Trust, loyalty and monogamy are rare to find in today’s society. Partnerships have lost their sacredness. We live in a society where it is frowned upon & viewed “unmanly” for a man to openly cry, show his vulnerabilities, hurts, & mistreatment by a a female. There is so much attention placed on women being broken by relationships it is often forgotten that men are broken by them too.
To open thyself up to be loved and learning to trust are two of the scariest things one can do after being hurt & cheated on repeatedly in past relationships. One of the biggest and hardest lessons my late significant other, Matt, and I taught each other was TRUST! Without trust it is hard to build a solid relationship.

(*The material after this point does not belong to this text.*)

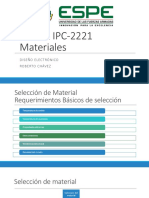 Norma IPC-2221 CAP 4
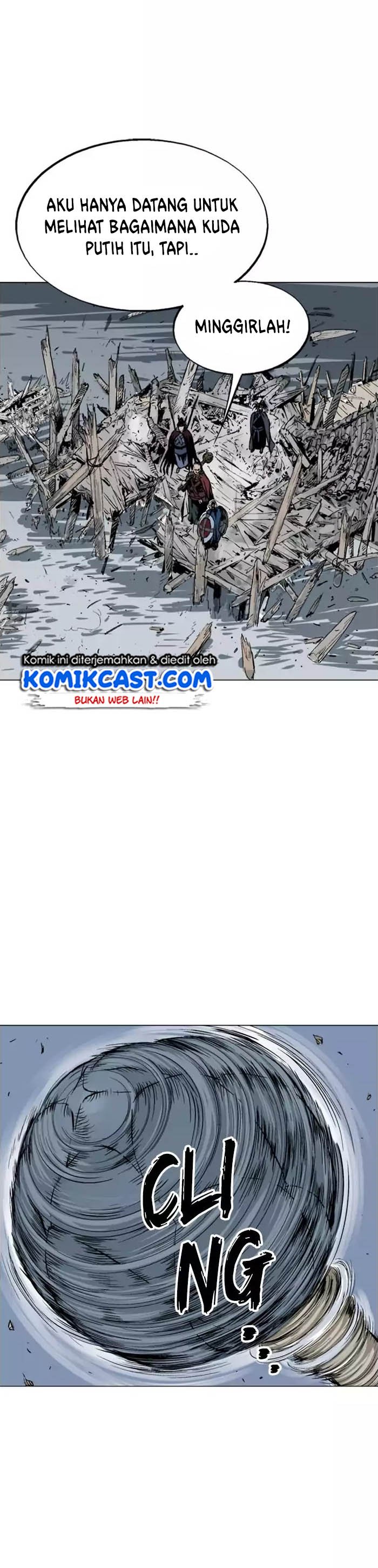 Gosu Chap 121 - Next Chap 122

There is saying “ACTIONS SPEAK LOUDER THAN WORDS “. This is how Matt gained my trust and we built our solid foundation. I have found through my life experiences with others that words are just words until you put meaning behind them. I shared with him my feelings, my fears, my past hurts, trauma and abuse, my vulnerabilities and rawness and my dreams. Matt was a man of few words at first instead showing me through his actions that he not only heard what I said he listened. As our relationship progressed he began using music as way to express his True feelings not only for me but also his innermost world until he was able to voice them. The first time he said, “I Love You”, he caught me by surprise and I said, “What?”, he didn’t respond, so later when he walked me out to my car before work I asked him , “…Did I hear you say, ‘I Love You….?” He said, “Yes, I use those words sparingly…” It surprised me the more he revealed that he had many of the same insecurities and fears I had, too: not being good enough, not being worthy of love and the fear of being cheated on, are just a few examples. The more we gained each other’s trust the more our walls of protection came down, knowing it was safe to show our “broken” pieces, the side of us no one else knew or saw. Together with the safety and protection of our love, we began facing our fears, healing each other’s wounds, revisiting our dreams and began planning for our futures together.
Time and time again we showed each other through our actions that we were loyal, faithful and committed to each other. We knew without a doubt we could trust each other on every level and that we would not be hurt in any way shape or form. Teaching each other the sacredness of a relationship is one of the most beautiful gifts my late significant other and I gave each other.